# Red Bellys Fading White?



## goldlake (Dec 2, 2007)

*MODS PLEASE CLOSE*

Mom was right... it was a good thing tho.


----------



## maknwar (Jul 16, 2007)

Mine do that when they are stressed. You need to switch from beef heart to shrimp and other white fish. The shrimp will help them keep the red bellies, and if you want to have superior red bellies, you need to feed them pellets.


----------



## Nick G (Jul 15, 2007)

maknwar said:


> Mine do that when they are stressed. You need to switch from beef heart to shrimp and other white fish. The shrimp will help them keep the red bellies, and if you want to have superior red bellies, you need to feed them pellets.


agreed.
pellets = much color
beef heart = fat fishies.
the fish cant break down the mamalian meat, and it turns to fat.
pellets are the way to go.

My RBPs also loose color at night, but they gain it back within 20 minutes of being awake.


----------



## Dezboy (Apr 2, 2006)

sounds like to be honest with you your p's have had a bad diet.....................................

your diet should be:

shrimp
white fish
cockles
muscles
pellets
earth worms(as a treat)
bloodworm


----------



## goldlake (Dec 2, 2007)

thanks for the advice im goin to pick up some pellets right now









and there colour did come back i guess it was cuz of the night (if u were correct bout them loseing colour at night)


----------



## blazednosferatu (Feb 27, 2006)

Feeding them too much beefheart and especially if thats all u feed them then ya thats a bad diet. You need a variety of things. Try krill, shrimp, talapia, catfish nuggets, of any white fish fillets, but the krill and shrimp and pellets are best for color.


----------



## Coldfire (Aug 20, 2003)

A transition to white could be their mood, stress, etc...


----------



## Hater (Apr 21, 2006)

I'm starting to beleive that the key to having a colorfull fish, is water maintenance and a stress free enviroment.

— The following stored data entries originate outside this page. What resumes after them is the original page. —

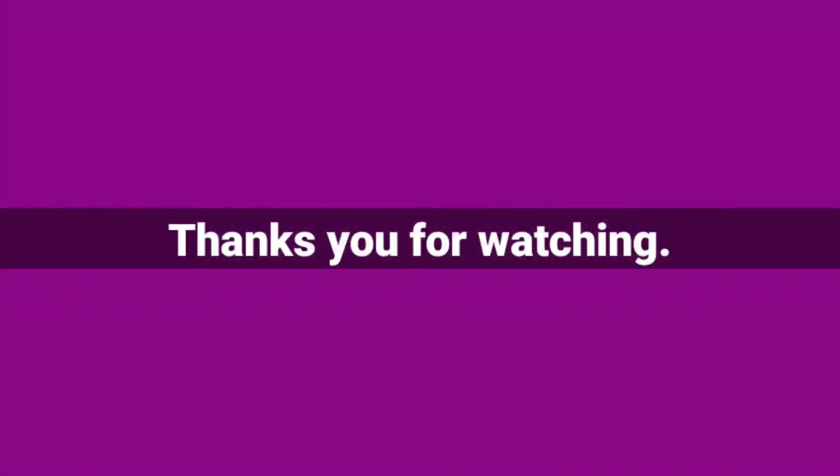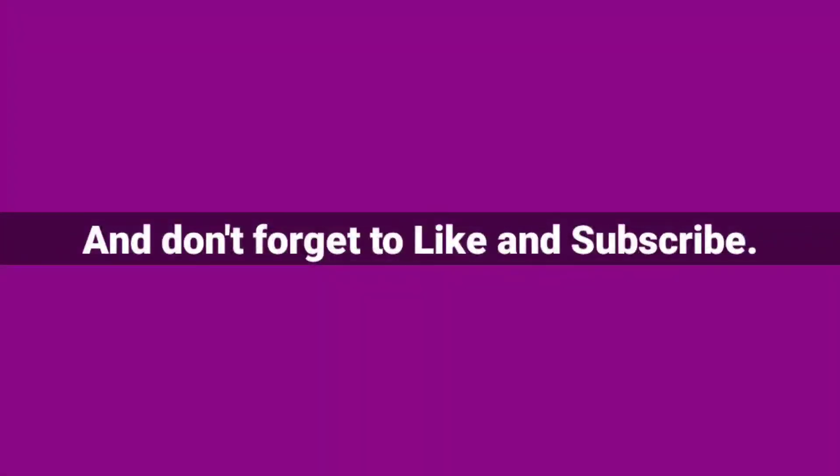Thank you for watching and don't forget to like and subscribe to see more videos.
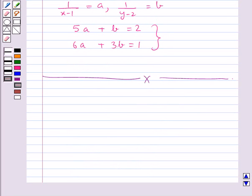We also covered the three situations that can arise when given a pair of linear equations in two variables, and how to reduce a given pair of equations to a linear form.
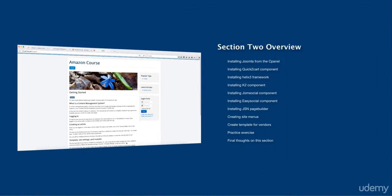The first thing that we're going to do is we're going to install Joomla via the cPanel. If you don't know how to install Joomla, there are several ways to install it and I am going to walk you through the simplest way for you to do that.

Don't get me wrong, diet helps but I've notice after reducing the number of Piranhas in my tank that the stress level has gone down and now I notice better color on them.

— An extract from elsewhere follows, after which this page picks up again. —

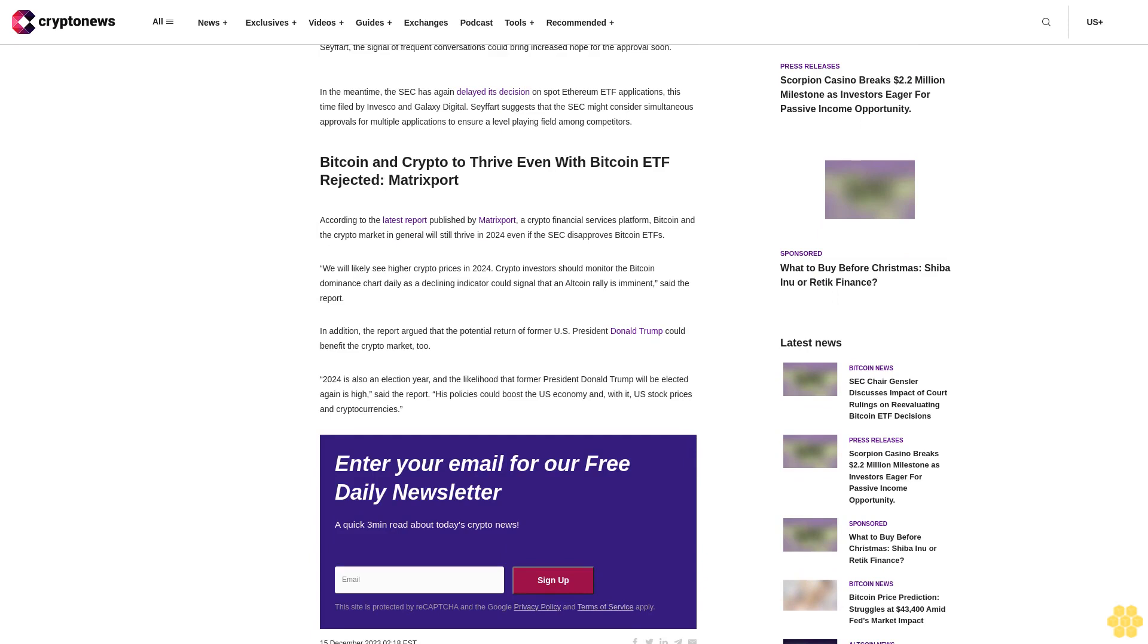In the meantime, the SEC has again delayed its decision on spot Ethereum ETF applications, this time filed by Invesco and Galaxy Digital. Seifert suggests that the SEC might consider simultaneous approvals for multiple applications to ensure a level playing field among competitors.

I'm curious, but what size is your tank and how many Piranhas do you have?

Hater

P.S.I would pay a visit to the saved topics on top of this forum. Especially the one from B.Scott.

Hater


----------



## goldlake (Dec 2, 2007)

ya its cuz of the night i guess, cuz the do it every night, but in the morning wen i wake up theyre colorful and pretty again.


----------